Forum for discussion

About: With more and more experimental data on brain function being made openly available to the neuroscience research community, an increasing number of theoretical and modelling studies are using data-driven, large scale, biophysically-detailed neuronal models to combine disparate experimentally generated insights into unified theories, gain a mechanistic understanding of information processing in the brain, and make new predictions to help design the next generation of experiments.

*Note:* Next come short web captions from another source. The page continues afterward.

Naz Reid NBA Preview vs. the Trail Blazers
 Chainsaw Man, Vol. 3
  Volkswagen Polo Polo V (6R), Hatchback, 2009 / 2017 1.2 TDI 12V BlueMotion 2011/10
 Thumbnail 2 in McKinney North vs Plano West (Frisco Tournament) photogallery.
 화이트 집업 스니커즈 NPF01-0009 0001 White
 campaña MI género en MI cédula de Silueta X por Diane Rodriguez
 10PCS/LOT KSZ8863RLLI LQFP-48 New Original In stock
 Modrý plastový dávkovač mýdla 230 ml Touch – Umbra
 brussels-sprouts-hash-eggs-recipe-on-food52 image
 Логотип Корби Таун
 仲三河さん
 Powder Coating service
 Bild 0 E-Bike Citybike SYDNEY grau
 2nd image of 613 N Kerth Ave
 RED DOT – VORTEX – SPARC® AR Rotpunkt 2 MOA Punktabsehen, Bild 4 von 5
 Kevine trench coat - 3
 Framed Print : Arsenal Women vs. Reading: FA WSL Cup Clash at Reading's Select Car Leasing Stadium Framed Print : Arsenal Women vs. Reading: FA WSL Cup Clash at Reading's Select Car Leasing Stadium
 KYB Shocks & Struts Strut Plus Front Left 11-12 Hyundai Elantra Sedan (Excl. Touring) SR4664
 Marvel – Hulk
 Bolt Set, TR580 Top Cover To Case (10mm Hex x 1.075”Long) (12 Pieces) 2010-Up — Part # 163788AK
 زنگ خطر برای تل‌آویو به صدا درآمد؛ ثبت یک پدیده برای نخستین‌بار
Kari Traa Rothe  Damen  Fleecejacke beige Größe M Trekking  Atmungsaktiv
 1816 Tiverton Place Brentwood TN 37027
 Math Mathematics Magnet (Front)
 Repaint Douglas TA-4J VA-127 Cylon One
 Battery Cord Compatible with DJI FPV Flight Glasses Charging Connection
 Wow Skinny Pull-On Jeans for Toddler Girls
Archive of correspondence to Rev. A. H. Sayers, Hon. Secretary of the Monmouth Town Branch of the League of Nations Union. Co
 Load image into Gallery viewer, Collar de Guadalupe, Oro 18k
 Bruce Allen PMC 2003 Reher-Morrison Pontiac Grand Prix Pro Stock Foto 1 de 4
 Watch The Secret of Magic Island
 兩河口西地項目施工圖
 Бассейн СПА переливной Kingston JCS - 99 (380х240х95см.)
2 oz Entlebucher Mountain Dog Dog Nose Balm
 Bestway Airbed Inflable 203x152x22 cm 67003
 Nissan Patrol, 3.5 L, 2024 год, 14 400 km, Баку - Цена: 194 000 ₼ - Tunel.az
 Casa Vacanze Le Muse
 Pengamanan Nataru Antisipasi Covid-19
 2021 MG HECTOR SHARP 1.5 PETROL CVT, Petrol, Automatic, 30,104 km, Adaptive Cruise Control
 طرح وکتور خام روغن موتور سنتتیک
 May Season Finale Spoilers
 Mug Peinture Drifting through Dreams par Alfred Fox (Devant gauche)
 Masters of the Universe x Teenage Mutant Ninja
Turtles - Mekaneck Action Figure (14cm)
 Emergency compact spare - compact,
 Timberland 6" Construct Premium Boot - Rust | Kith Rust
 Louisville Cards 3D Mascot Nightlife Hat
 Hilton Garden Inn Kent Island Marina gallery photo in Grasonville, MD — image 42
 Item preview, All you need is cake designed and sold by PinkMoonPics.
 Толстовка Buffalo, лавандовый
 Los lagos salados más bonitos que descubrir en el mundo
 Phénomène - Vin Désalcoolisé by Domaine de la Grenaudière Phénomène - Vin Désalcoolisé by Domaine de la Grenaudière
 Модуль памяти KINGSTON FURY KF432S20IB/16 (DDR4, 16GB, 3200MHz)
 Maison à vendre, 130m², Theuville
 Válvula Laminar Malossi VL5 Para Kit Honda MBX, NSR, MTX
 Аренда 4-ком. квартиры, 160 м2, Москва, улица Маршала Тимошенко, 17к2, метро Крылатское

Although a number of established simulation environments and related software/computing resources are available to neuroscientists, they each have their specific formats and APIs, which makes it non-trivial to re-use models developed in them and share or combine them between different simulation tools.

NeuroML is a simulator independent standard that promotes FAIR (Findable, Accessible, Interoperable, and Reusable) computational neuroscience by providing a common standard, an API, and a large ecosystem of software tools (that includes the different simulation engines). Similarly, PyNN is a simulator independent Python API for building and simulating models. Users can use the NeuroML and PyNN to build, validate, analyse, visualise, optimise, share, and re-use their models, and they can choose different simulation engines to simulate them without needing to know the specifics of each simulation engine.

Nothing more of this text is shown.